Public authorities in cities have deployed static stations to monitor air quality data for a set of pollutants with specific, high-cost sensing technologies. These stations provide highly accurate data, but their cost limits the quantity of deployments leaving large gaps in coverage.

Mobile air quality system integrated in vans. Image courtesy of Libelium/CENSIS.

Mobile air quality system integrated in vans. Image courtesy of Libelium/CENSIS.

CENSIS, the innovation center of excellence for Sensor and Imaging Systems (SIS) technologies, has developed a low-cost system with Libelium’s Waspmote Sensor Platform in Glasgow (UK) that can be deployed flexibly and rapidly in mobile configurations to complement static stations providing more clarity to “smart city” projects.

Sensors Monitoring Air Parameters Everywhere

CENSIS has worked in partnership with the University of Strathclyde on this project called “Sensing the City.” The aim was monitoring air parameters in different areas in a city, in a dynamic way, in real-time. In order to be dynamic, they thought of a mobile wireless sensor network system placed on the top of vans as they move throughout the city.

Air quality monitoring system functioning diagram. Image courtesy of Libelium/CENSIS.

Air quality monitoring system functioning diagram. Image courtesy of Libelium/CENSIS.

“Our initial requirement was for sensor nodes with a variety of configuration options. From an evolution point of view, we now have the potential to add new sensor nodes or to change sensor nodes,” says Stuart Simpson, senior engineer at CENSIS.

The sensor node consists of a box with the Waspmote Plug & Sense! Smart Environment PRO inside and also the different sensors: CO, Particle Matter—dust sensor, (PM1, PM2.5 and PM10), temperature, humidity, pressure, NO, NO2 and O3. These are some of the most important parameters to control air quality and detect gas emissions or pollutants.

All the information monitored by the Waspmote Plug & Sense! Sensor Platform is sent to the sensor hub, located in the vehicle glove box, through 802.15.4. It is composed of Raspberry Pi2, a GPS antenna (to allow the tracking) and ZigBee. The information gathered is sent to the cloud via 3G and visualized in CitySense, based on the Microsoft Azure IoT platform.

CitySense is a web-based user interface that allows data visualization, interaction with the cloud services and includes capability to embed data processing and analytic outputs. The Decision Support System allows engineers to create spatial and temporal high-resolution air quality maps.

A Low-Cost Deployment with Great Possibility

The “Sensing the City” project can provide indicative air quality data in areas without coverage to support identification of pollution sources.
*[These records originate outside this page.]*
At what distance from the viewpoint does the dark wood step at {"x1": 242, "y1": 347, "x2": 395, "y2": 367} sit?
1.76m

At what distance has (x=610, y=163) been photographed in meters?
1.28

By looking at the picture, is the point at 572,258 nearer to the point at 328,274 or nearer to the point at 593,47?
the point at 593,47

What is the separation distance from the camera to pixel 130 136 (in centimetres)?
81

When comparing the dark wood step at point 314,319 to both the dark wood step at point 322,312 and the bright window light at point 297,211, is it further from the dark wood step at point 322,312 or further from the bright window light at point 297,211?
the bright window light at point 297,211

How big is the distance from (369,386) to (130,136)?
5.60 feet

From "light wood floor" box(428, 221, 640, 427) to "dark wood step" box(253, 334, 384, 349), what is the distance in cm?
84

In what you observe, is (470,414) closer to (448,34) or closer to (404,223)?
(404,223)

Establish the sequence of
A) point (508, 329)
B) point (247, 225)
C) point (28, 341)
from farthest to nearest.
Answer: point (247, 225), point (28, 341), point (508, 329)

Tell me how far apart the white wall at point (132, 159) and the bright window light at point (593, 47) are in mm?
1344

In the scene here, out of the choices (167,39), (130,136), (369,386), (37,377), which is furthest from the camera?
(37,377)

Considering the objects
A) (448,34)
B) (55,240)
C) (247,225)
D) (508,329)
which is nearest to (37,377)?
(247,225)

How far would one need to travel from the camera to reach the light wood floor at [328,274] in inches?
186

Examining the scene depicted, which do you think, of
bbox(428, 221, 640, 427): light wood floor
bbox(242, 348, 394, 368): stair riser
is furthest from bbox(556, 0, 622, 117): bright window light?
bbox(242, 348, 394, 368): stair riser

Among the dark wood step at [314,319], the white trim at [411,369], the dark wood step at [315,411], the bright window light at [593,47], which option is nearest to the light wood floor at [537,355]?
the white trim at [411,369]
Mobile systems can also gather data in a volume and with the rapidity required to support the comparison of pollution models and to identify trends.
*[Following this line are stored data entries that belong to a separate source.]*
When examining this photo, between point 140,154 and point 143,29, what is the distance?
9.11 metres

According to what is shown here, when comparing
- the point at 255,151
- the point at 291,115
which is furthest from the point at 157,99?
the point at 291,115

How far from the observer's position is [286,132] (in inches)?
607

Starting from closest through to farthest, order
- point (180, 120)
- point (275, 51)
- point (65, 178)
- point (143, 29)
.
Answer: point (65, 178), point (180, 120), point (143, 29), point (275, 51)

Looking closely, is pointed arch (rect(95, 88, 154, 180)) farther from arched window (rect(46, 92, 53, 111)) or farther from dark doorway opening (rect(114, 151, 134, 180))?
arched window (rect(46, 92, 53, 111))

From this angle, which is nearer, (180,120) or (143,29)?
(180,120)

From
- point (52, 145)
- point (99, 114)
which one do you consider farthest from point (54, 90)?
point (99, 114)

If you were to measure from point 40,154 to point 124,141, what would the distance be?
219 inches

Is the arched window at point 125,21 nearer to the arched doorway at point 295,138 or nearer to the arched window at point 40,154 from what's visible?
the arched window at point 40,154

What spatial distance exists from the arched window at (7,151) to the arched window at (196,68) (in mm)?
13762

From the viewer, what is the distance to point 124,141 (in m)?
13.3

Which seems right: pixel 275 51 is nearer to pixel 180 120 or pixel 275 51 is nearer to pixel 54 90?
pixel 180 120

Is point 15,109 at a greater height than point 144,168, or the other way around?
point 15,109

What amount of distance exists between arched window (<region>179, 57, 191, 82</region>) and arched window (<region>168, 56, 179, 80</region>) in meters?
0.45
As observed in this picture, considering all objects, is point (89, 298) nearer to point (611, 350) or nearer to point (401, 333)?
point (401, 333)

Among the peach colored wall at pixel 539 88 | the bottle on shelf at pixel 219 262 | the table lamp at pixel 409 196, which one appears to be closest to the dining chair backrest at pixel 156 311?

The main functionalities of the system are:

  • reliable capture of sensor readings from multiple nodes against location in near real-time;
  • low-cost and flexible/scalable system (allows update to sensors, processing platform and cloud service);
  • robust system operation (able to record and upload sensor readings during 3G signal loss);
  • efficient cloud-baseddata gathering platform;
  • temporal and geospatialvisualization of air quality data; and
  • remote access allowing over-the-air (OTA) updates configuration and debugging.
CitySense dashboard developed by CENSIS. Image courtesy of CENSIS.

CitySense dashboard developed by CENSIS. Image courtesy of CENSIS.

Libelium technology “offers a large range of sensor nodes, which offer us the flexibility we need for the future,” says CENSIS’ Simpson. The project is currently in phase I with future plans to grow coverage, develop analytics, extend communication protocols and optimize sensor accuracy and sensitivity—and to test in a wider range of cities.

The next stage will also include other applications areas for “smart cities” apart from air quality such as road conditions monitoring, traffic management or energy conservation of buildings via thermal imaging. The final goal is to develop a system that is able to provide a complete solution for public authorities.